A Technique for Estimation of Residual Stress and Young’s Modulus of Compressively Stressed Thin Films Using Microfabricated Beams

Abstract

Predictive design of MEMS devices and their performance evaluation require post-fabrication measurement of essential material properties, such as Young's modulus and residual stress, as these are usually affected by fabrication process conditions. To our knowledge, few techniques exist for the measurement of residual stress in micromechanical structures fabricated from compressively-stressed amorphous dielectric thin films.
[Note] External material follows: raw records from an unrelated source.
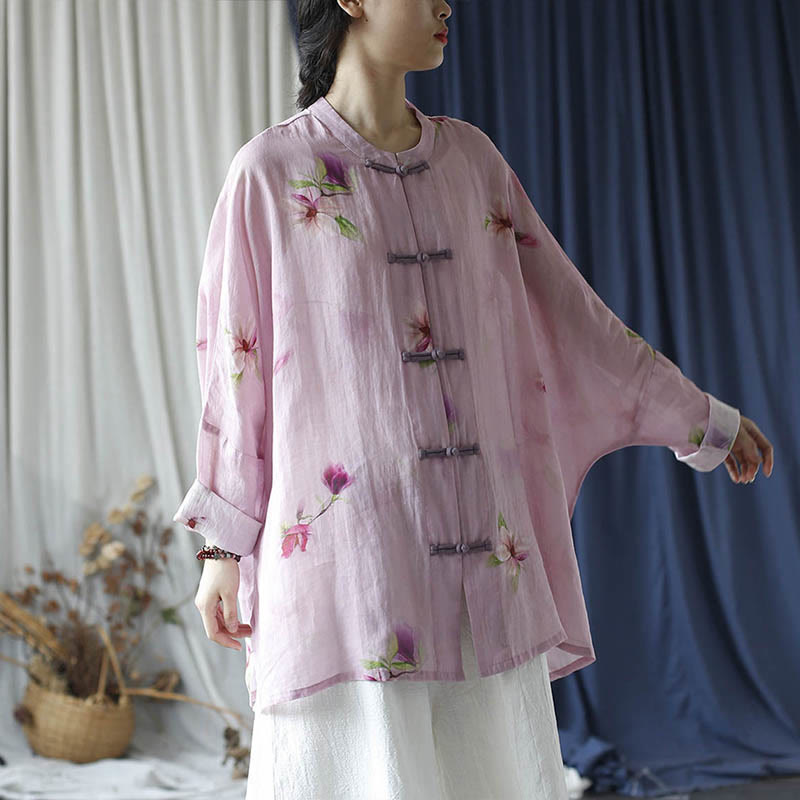 Camisa tipo chaqueta de lino de ramio de manga larga con diseño de botones de rana y estampado de flores rosas con Buddha Stones - image 35
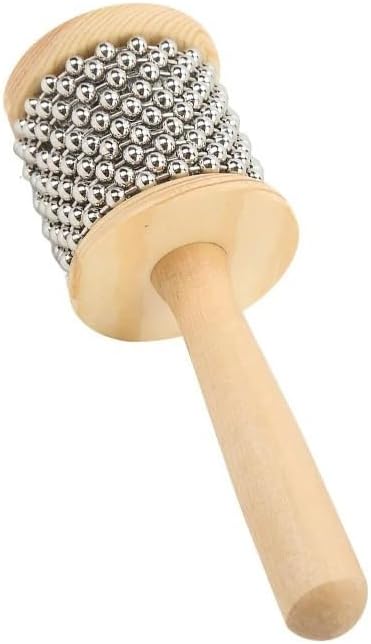 Drums Instrument – Wooden Rattle for Rhythm Practice, Eco-Friendly Beaded Hand Percussion, Portable Music Accessory for Drummers, Educators & Performers (Medium cabassa)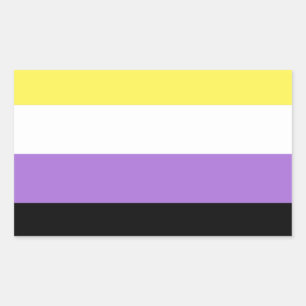 Pegatina Rectangular Bandera de Orgullo No Binario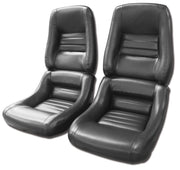 1982-1982 Corvette Leather Seat Covers Charcoal 100%-Leather 4" Bolster-420221-Corvette-Store-Online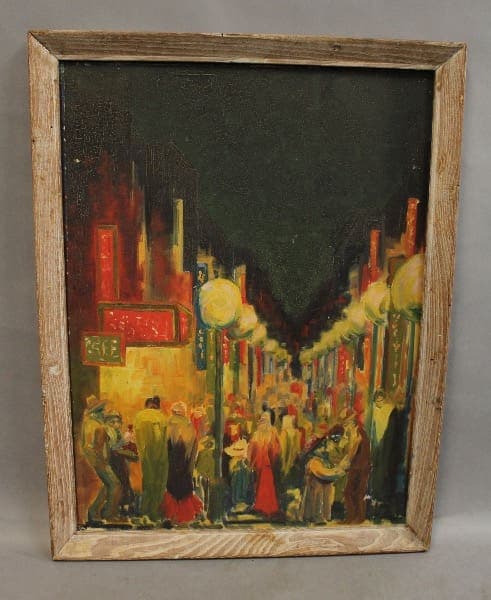 Colorful painting of a bustling city street.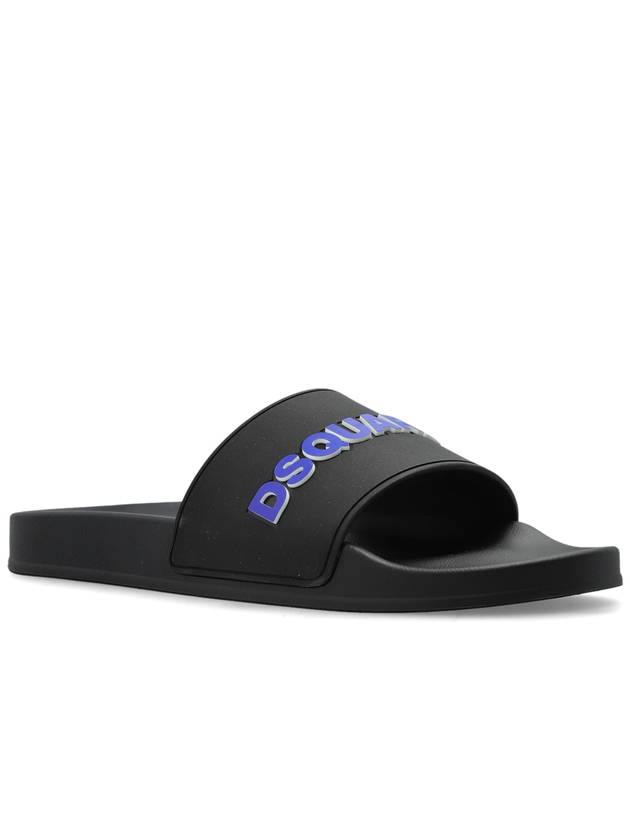 Dsquared2 Rubber Slides With Logo, Men's, Black - DSQUARED2 - BALAAN 4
Here, we propose a method for estimating residual stress and Young's modulus from the post-buckling dynamic response of fixed-fixed microbeams and frequency response of cantilevers, respectively. Static deflection profiles and first natural frequencies of buckled beams are used in this analysis. Further, the proposed method uses the length of the beams as an unknown to account for the variation in the actual length of a fabricated beam due to the presence of undercut. The effective length is simultaneously determined from the analysis of the measured data using multi-parameter curve fitting. Use of post-buckling analysis makes this technique useful for thin films with high compressive stresses. Since the proposed method does not involve electrostatic actuation, it is applicable for dielectric thin films in addition to crystalline and conducting films. Using the proposed method, residual stress is estimated in amorphous silicon carbide thin films deposited by PECVD and reactive-sputtering. In addition, the modulus values of three materials (PECVD SiNx, PECVD SiC, and sputtered SiC) are estimated and compared with reported results. [2019-0090]